Several companies are starting to use AMD’s Opteron, raising the processor’s profile. Last week Egenera announced it would use Opteron in its BladeFrame servers, Microsoft said it would use Opteron-based servers in its technology centers worldwide, and Sun said it would put Opterons into its Sun Grid Compute Utility and would upgrade its V20z and V40z servers with the popular chipset.
Egenera makes what it calls “stateless” blades - the server itself has no disk drives, only a processor and memory. The company has until now relied on Intel Xeon processors for those blades. It will roll out two- and four-way Opteron-based blades for the BladeFrame that will run 32- and 64-bit applications. The Opteron-based BladeFrame will be available in the next 30 days, the company says. Pricing has not been released.

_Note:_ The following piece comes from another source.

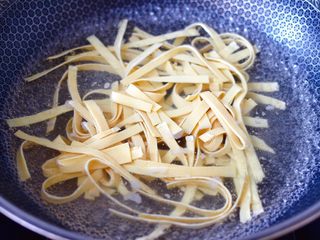 7、豆皮黄花鱼,腌制黄花鱼的时候,锅中倒入适量清水烧开,把豆皮放入锅中开始焯水。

Egenera claims its customers will be able to intermix Xeon, Opteron and Itanium BladeFrames in their environments.
Sun also announced it would use Opteron-based servers in its Sun Grid Compute Utility, a project in which customers can buy unused compute cycles and storage from Sun. The compute utility is fashioned after Sun’s N1 grid engine and its N2000 Nauticus Content Switch - it is intended to let users buy compute time, processing power and storage capacity from Sun for as little as $1 per hour.
The Sun Grid Compute Utility will consist of thousands of dual-processor Opteron servers running Solaris and connected to Sun’s midrange StorEdge 6920 storage array. The servers will be interconnected with InfiniBand and connect to a network via Gigabit Ethernet.

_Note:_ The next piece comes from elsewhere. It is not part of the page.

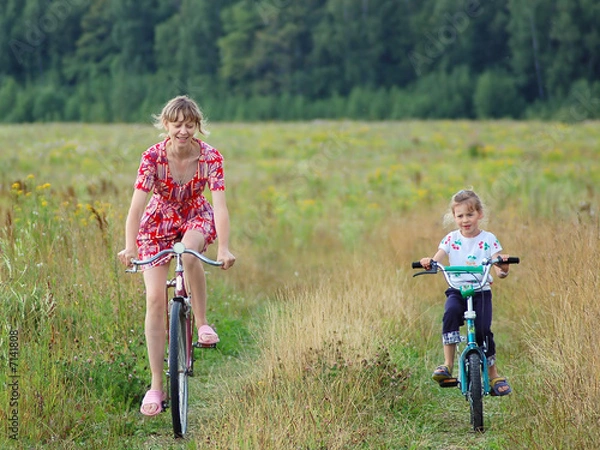 Fototapeta Driving on bicycles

Microsoft will adopt Opteron for use in its technology centers. The company will install HP Proliant DL145 and DL585 servers.
At LinuxWorld this week, AMD is expected to announce details of its dual-core processors. The company demonstrated a dual-core Sun server earlier this year.
Mercury Research estimates that AMD has captured 16.6% of the microprocessor market. In x86-based servers, IDC estimates that AMD has an 8% market share.